_Problem to solve_:
Whatever comes before the line containing "Sculpture Wave Gloss" stays out; transcribe that line and all that follow to the end of the records exactly, with no pictures.

Scraped caption text data
+--
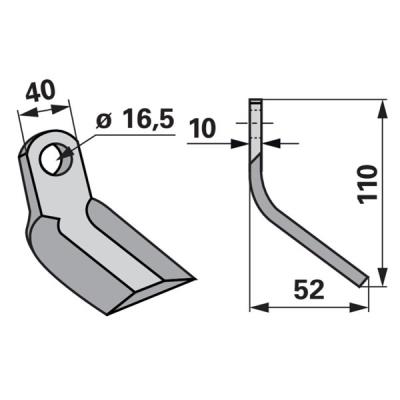 Y-Messer zu Breviglieri Mulcher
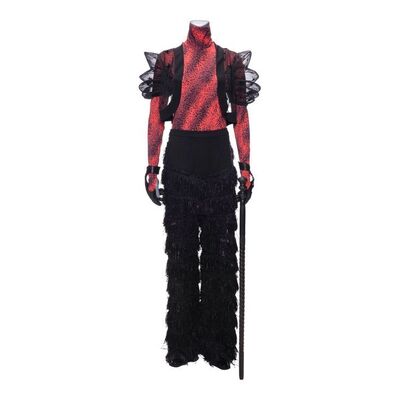 Lot #139: Fei Hargreeves's (Britne Oldford) Celebrating a Win Costume with Rubber Cane ### UMBRELLA ACADEMY, THE (2019 - 2024)
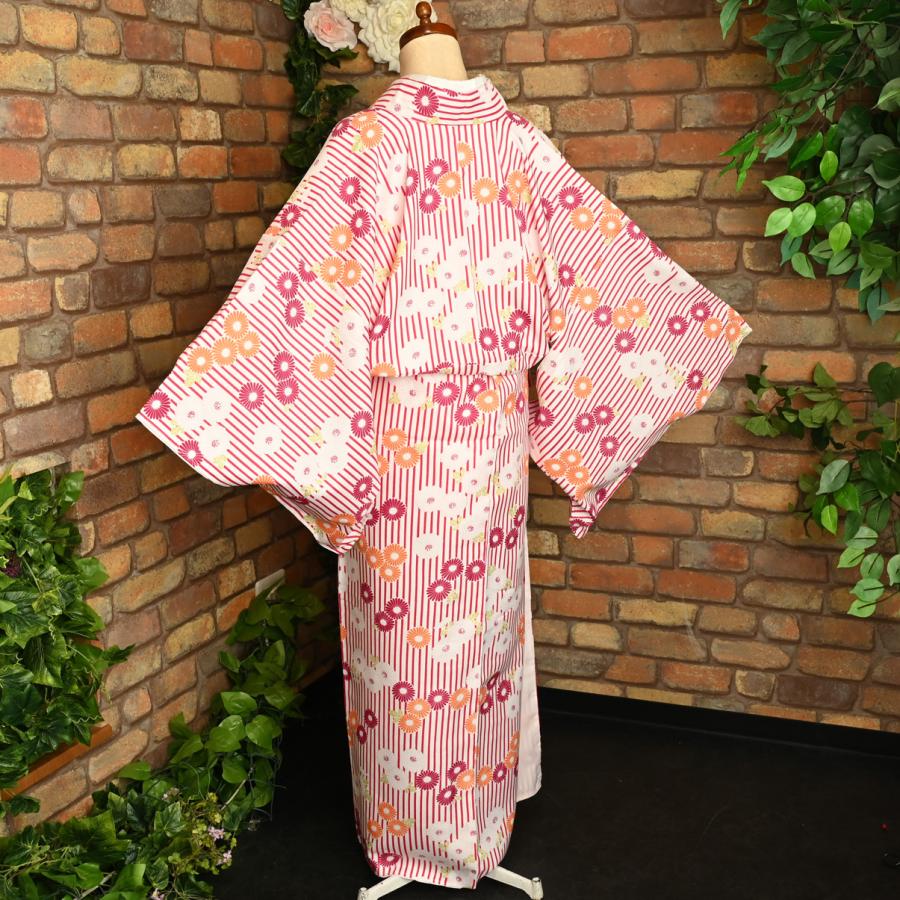 激安】10【在庫処分品】【少々難有り】プレタ小紋/12-053BN/洗える着物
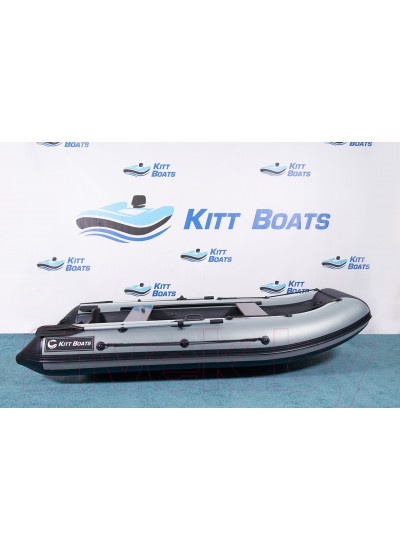 Лодка ПВХ Kitt Boats 300 НДНД (черный/серый)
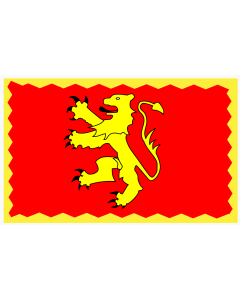 Flag: Welsh Kingdom of Deheubarth |  landscape flag | 1.35m² | 14.5sqft | 90x150cm | 3x5ft 
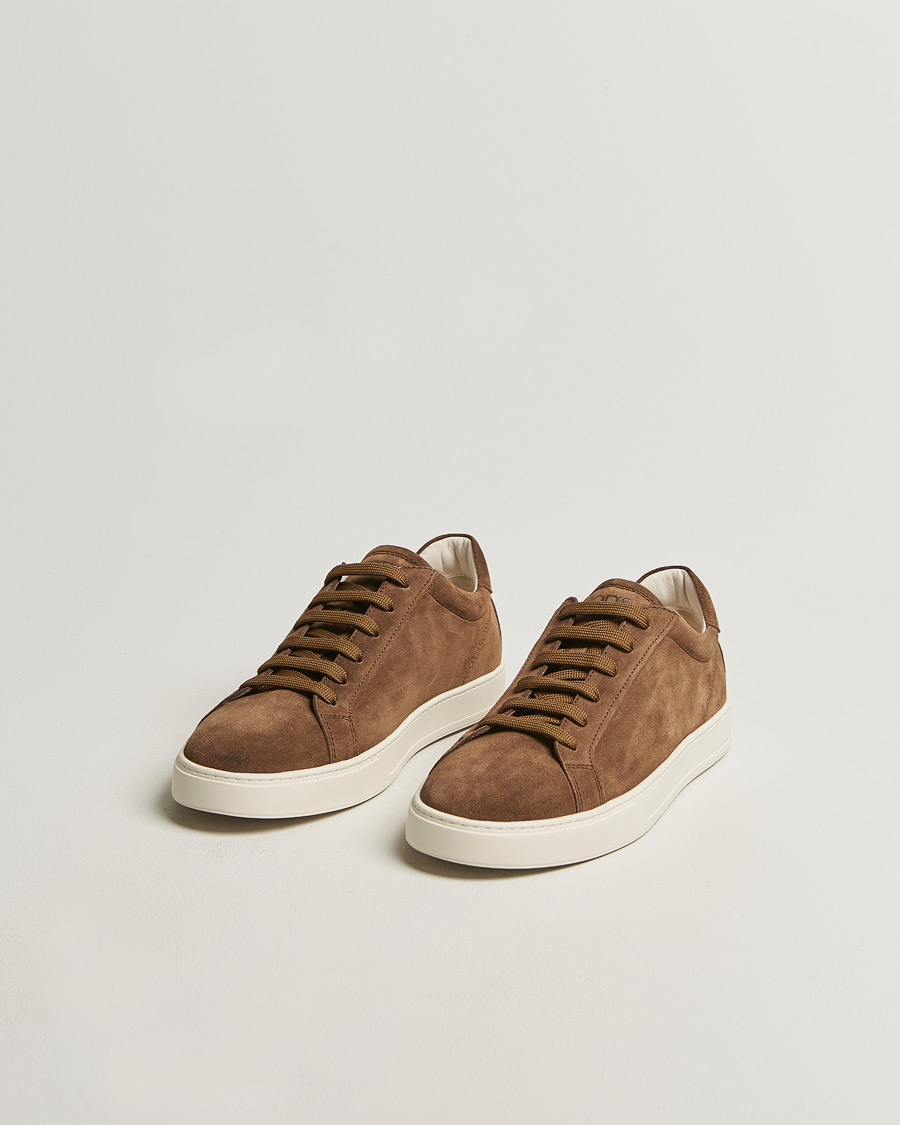 Herre | Sneakers | Tod's | Cassetta Lacciata Sneaker Chestnut Suede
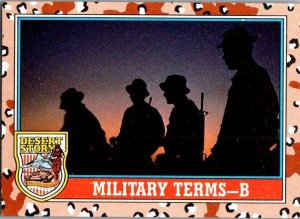 Military 1991 Topps Dessert Storm Card Military Terms A sk21356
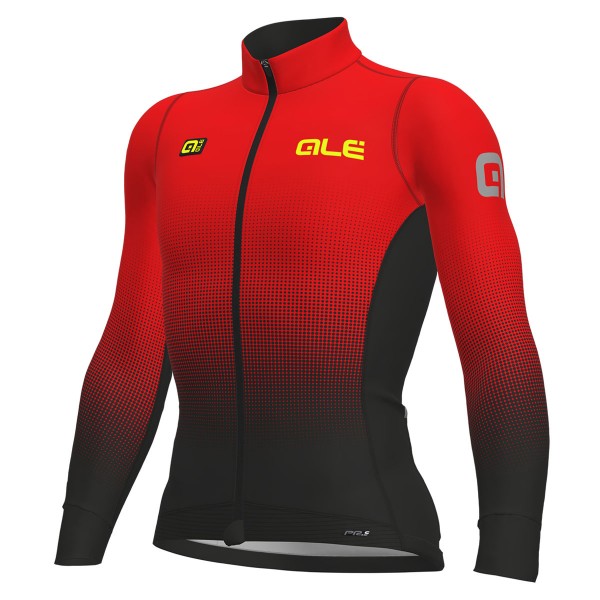 Ale PRS Dots DWR-Rot Fahrradbekleidung Radtrikot Langarm EUFEK Ale PRS Dots DWR-Rot Fahrradbekleidung Radtrikot Langarm EUFEK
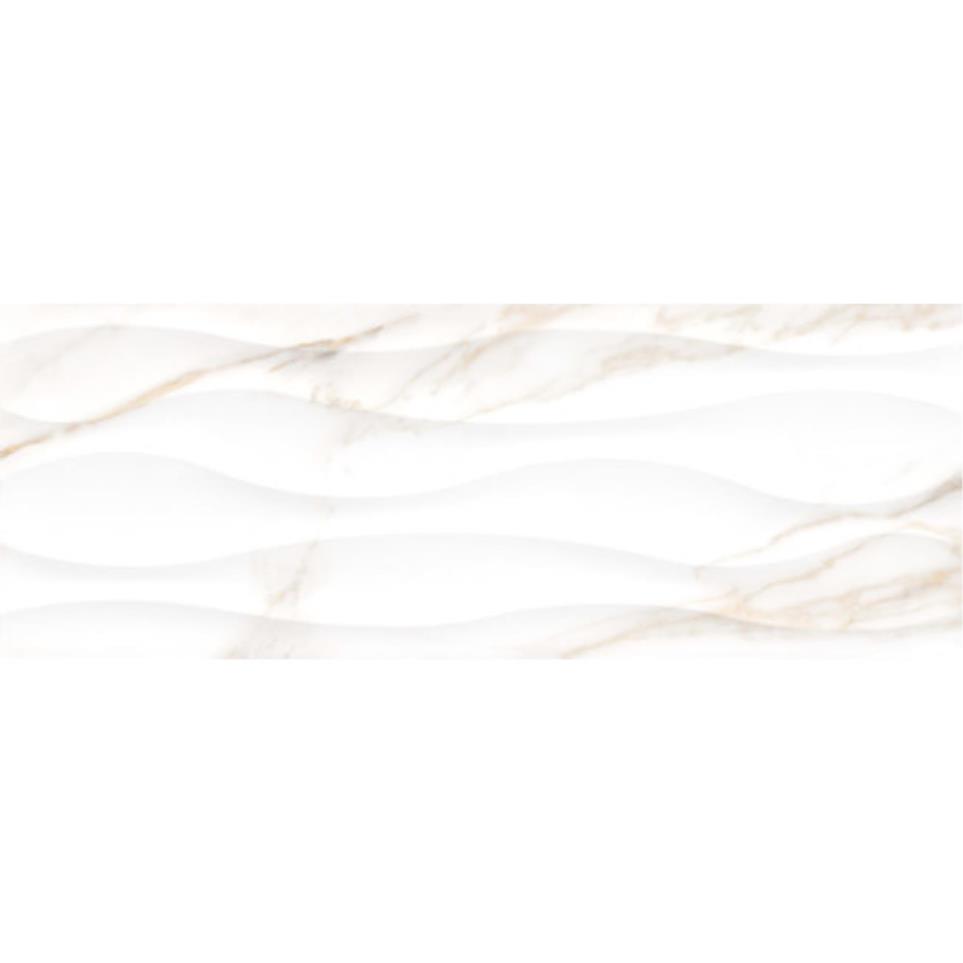 Sculpture Wave Gloss 13X36 by Emser Tile, LLC - Oro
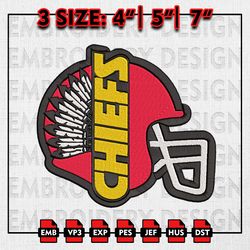 Kansas City Chiefs Embroidery Design, NFL Chiefs Logo, NFL Teams Embroidery Files, Machine Embroidery Pattern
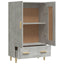 skab 70x31x115 cm konstrueret træ betongrå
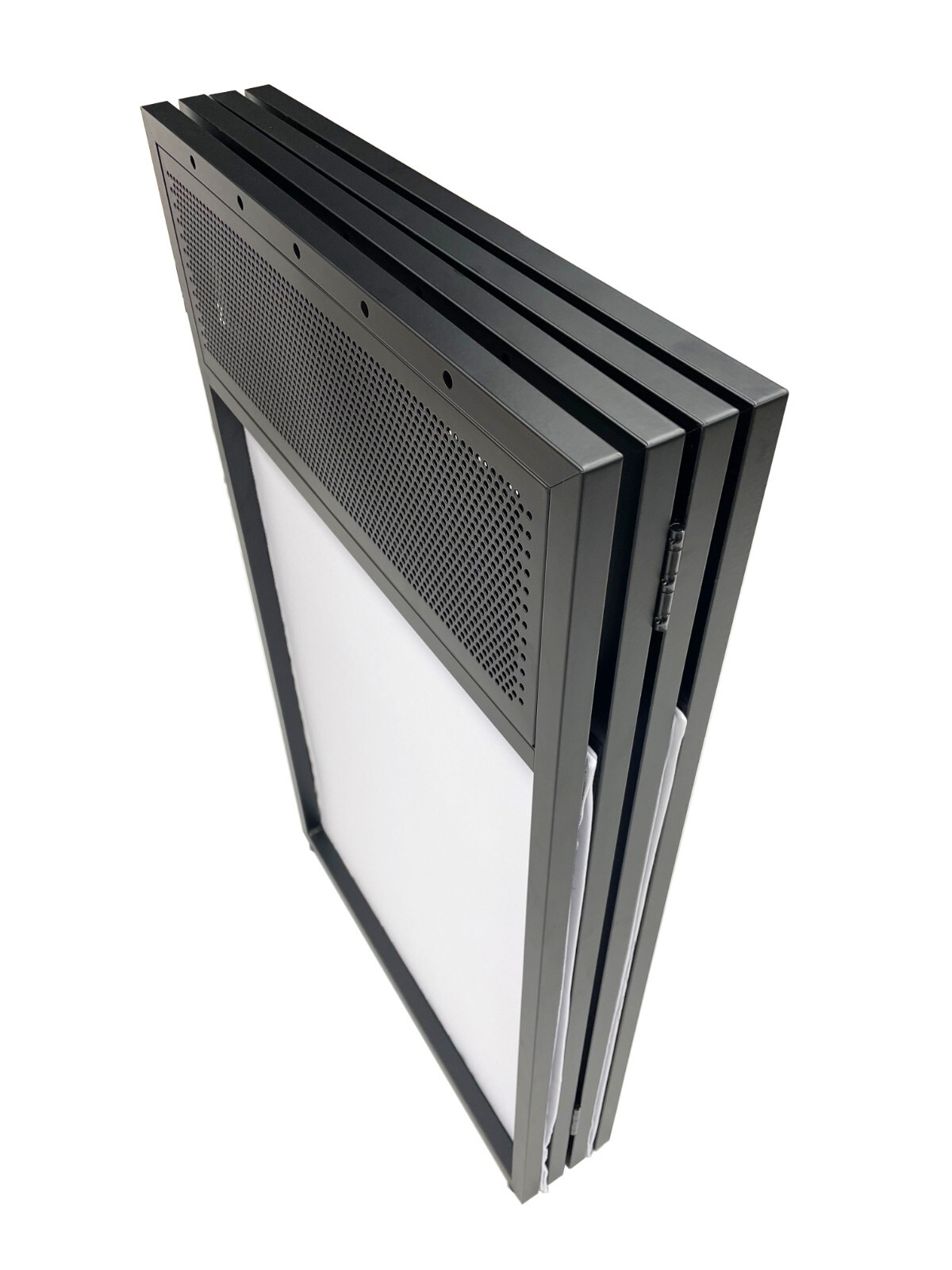 Jumbo 53" Wide DJ Event Facade White/Black Scrim Booth Two Top Corner Table Tops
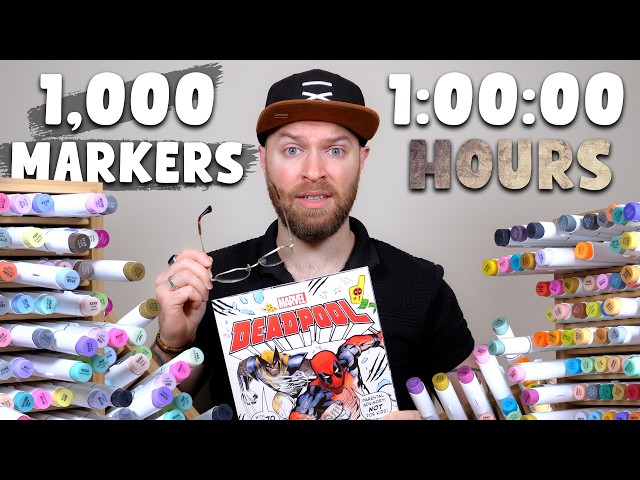 I Used 1,000 Markers for 1,000 Hours (This Nearly Broke Me)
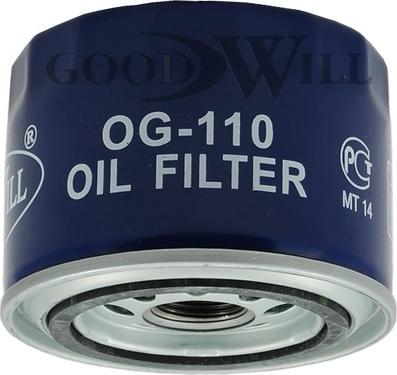 GoodWill OG 110 - Eļļas filtrs autodraugiem.lv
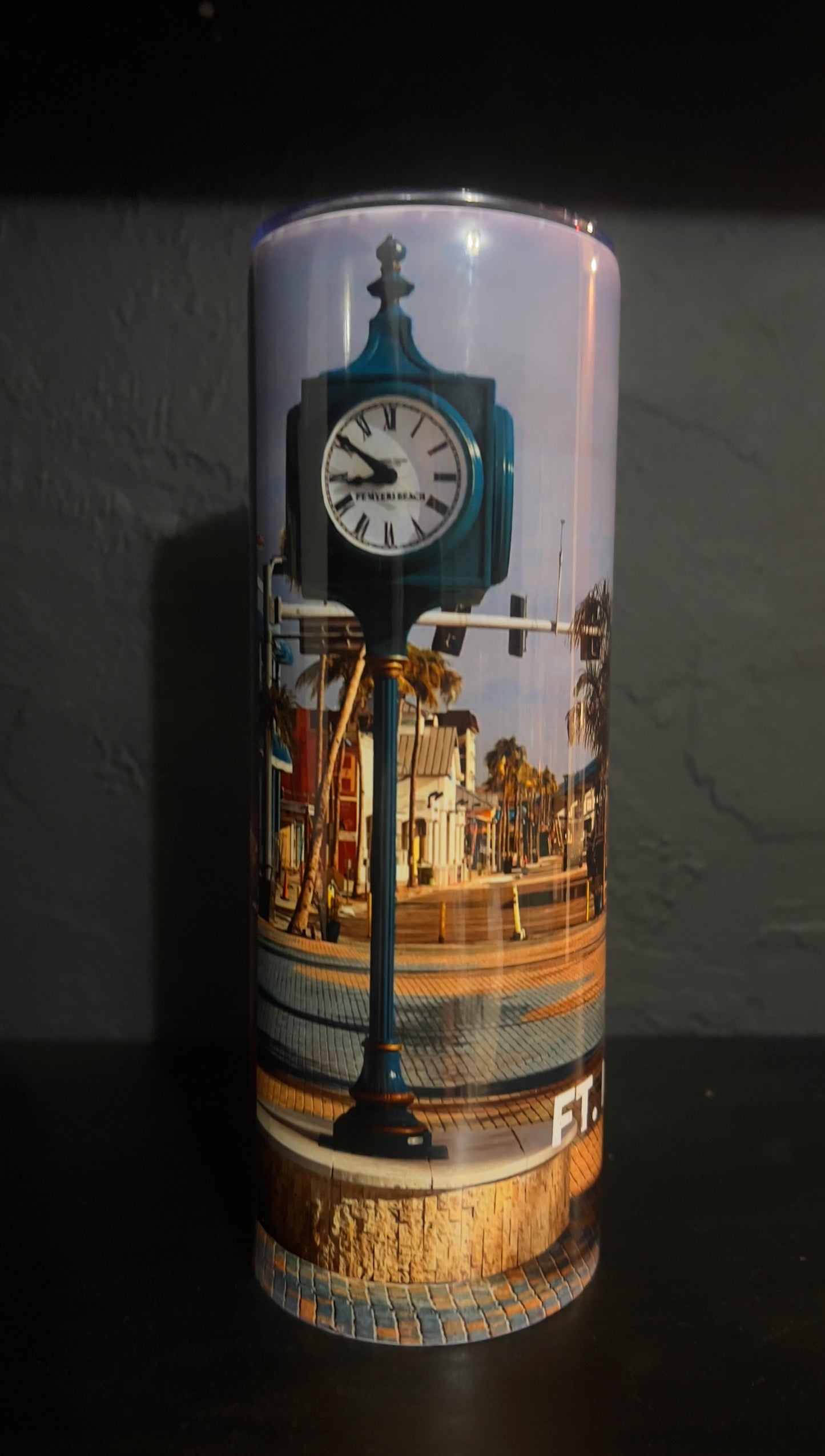 Ft Myers Beach Clock Day or Night it’s always BEACH time.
+--
_Expected answer_:
 Sculpture Wave Gloss 13X36 by Emser Tile, LLC - Oro
 Kansas City Chiefs Embroidery Design, NFL Chiefs Logo, NFL Teams Embroidery Files, Machine Embroidery Pattern
 skab 70x31x115 cm konstrueret træ betongrå
 Jumbo 53" Wide DJ Event Facade White/Black Scrim Booth Two Top Corner Table Tops
 I Used 1,000 Markers for 1,000 Hours (This Nearly Broke Me)
 GoodWill OG 110 - Eļļas filtrs autodraugiem.lv
 Ft Myers Beach Clock Day or Night it’s always BEACH time.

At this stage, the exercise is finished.